↓

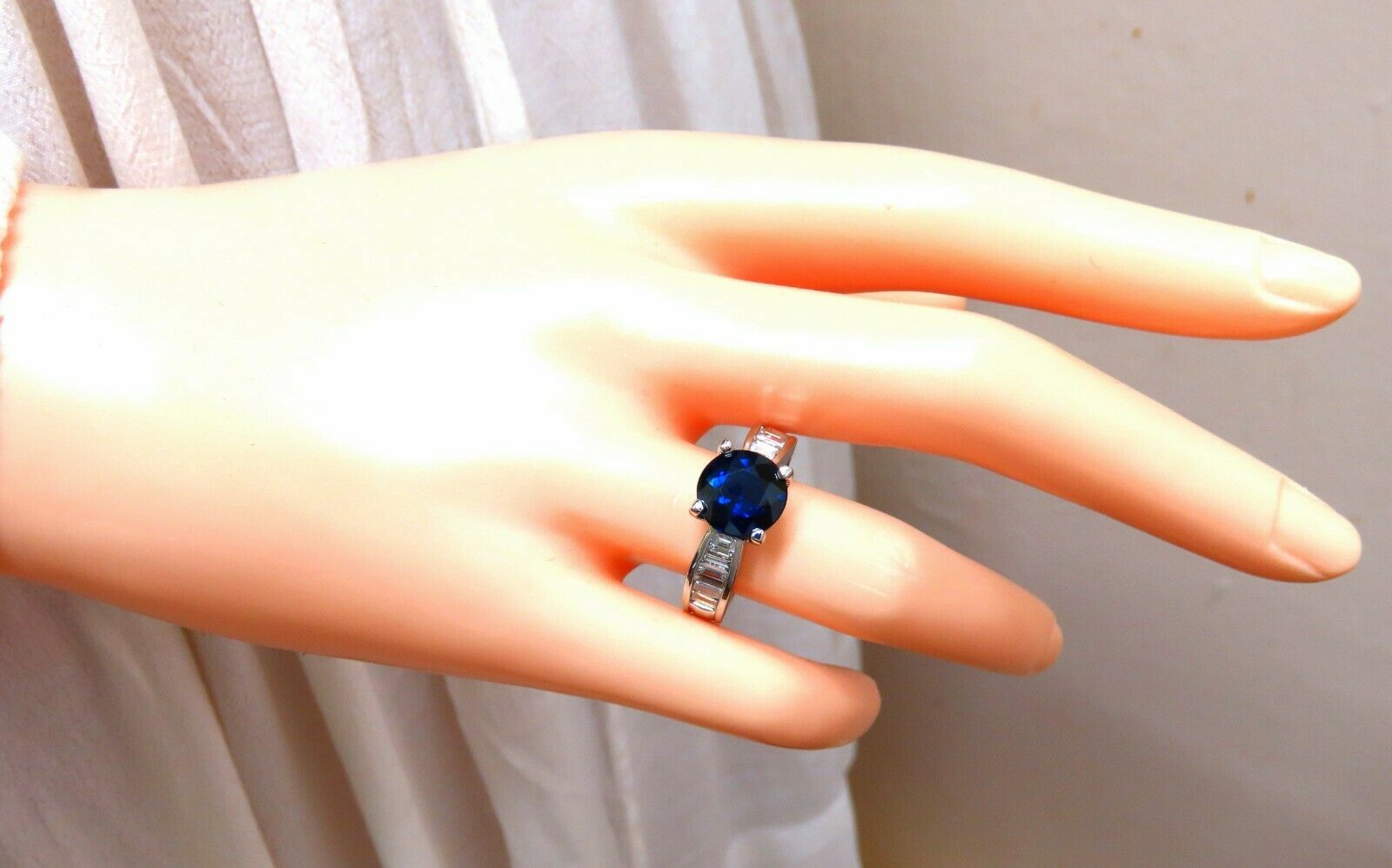 GIA Certified 4.09 Carat Natural Round No Heat Sapphire Diamond Ring in 14K Gold - Perfect for Engagement, Wedding & Anniversary Gifts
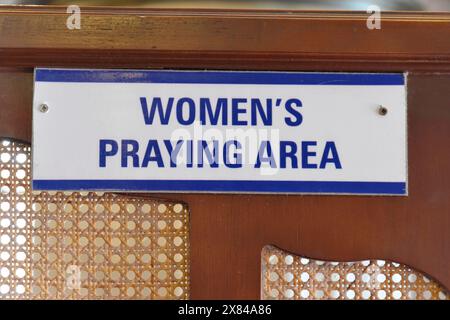 Mosquée Fatih, Fatih Camii, Mosquée Conquérant, district de Fatih, Istanbul, partie européenne, Turquie, Asie, signe pour l'aire de prière des femmes dans une mosquée Banque D'Images
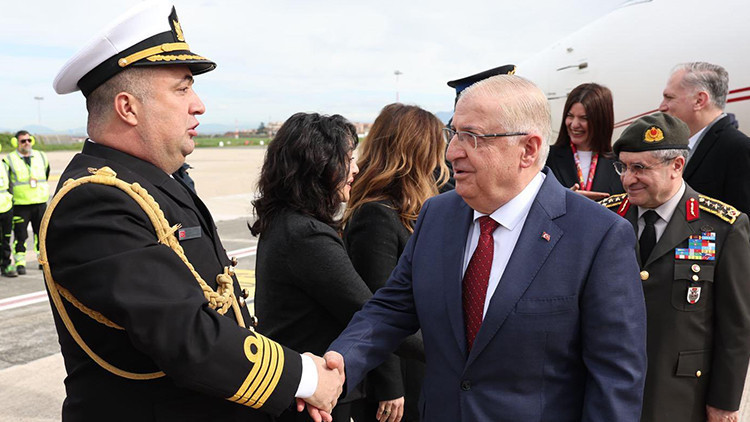 Milli Savunma Bakanı Yaşar G&uuml;ler, İtalya&rsquo;da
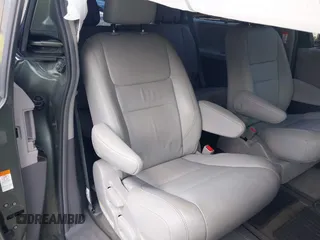 2018 Toyota Sienna XLE with VIN 5TDDZ3DC4JS189540, listed as a IAAI auction lot 42594973 with 103,374 mi miles and . Bid and sale history available at DreamBid. Image 8.
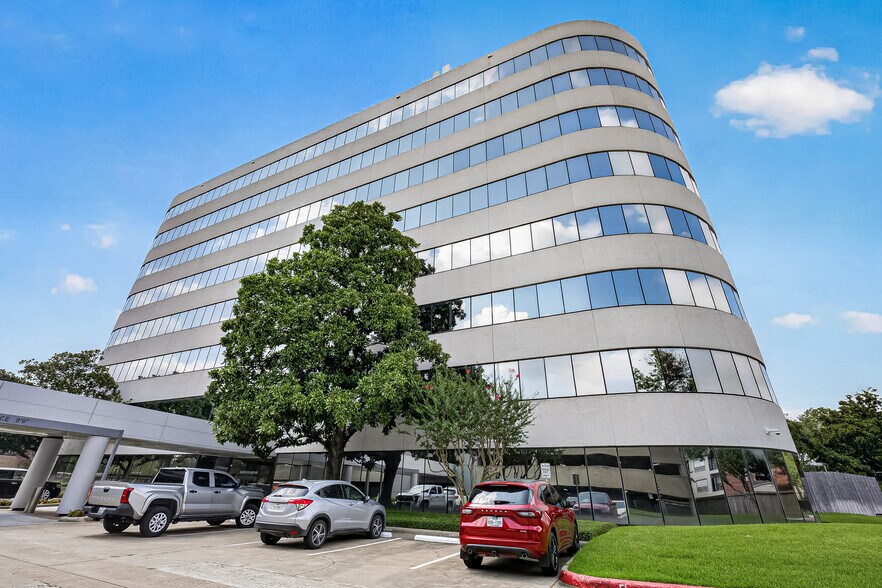 9800 Richmond Ave, Houston, TX à louer - Photo de l’immeuble – Image 2 sur 77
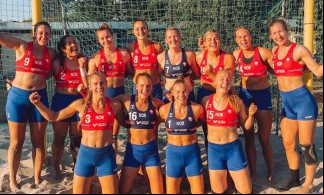 Time feminino de handebol da Noruega é multado por não usar biquíni durante partida contra a Espanha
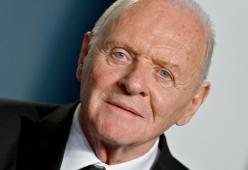 Anthony Hopkins festeggia quasi mezzo secolo di sobrietà con un video sui social
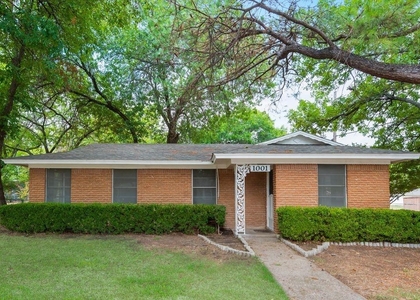 1001 S Carlton Street - Photo 1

↑

> [WHAT YOU ARE ASKED TO DO]
Set down word for word, from the line that contains "2018 Toyota Sienna" to the end of the listing above, every line and no picture.

> [RESULT FOR THIS EXERCISE]
 2018 Toyota Sienna XLE with VIN 5TDDZ3DC4JS189540, listed as a IAAI auction lot 42594973 with 103,374 mi miles and . Bid and sale history available at DreamBid. Image 8.
 9800 Richmond Ave, Houston, TX à louer - Photo de l’immeuble – Image 2 sur 77
 Time feminino de handebol da Noruega é multado por não usar biquíni durante partida contra a Espanha
 Anthony Hopkins festeggia quasi mezzo secolo di sobrietà con un video sui social
 1001 S Carlton Street - Photo 1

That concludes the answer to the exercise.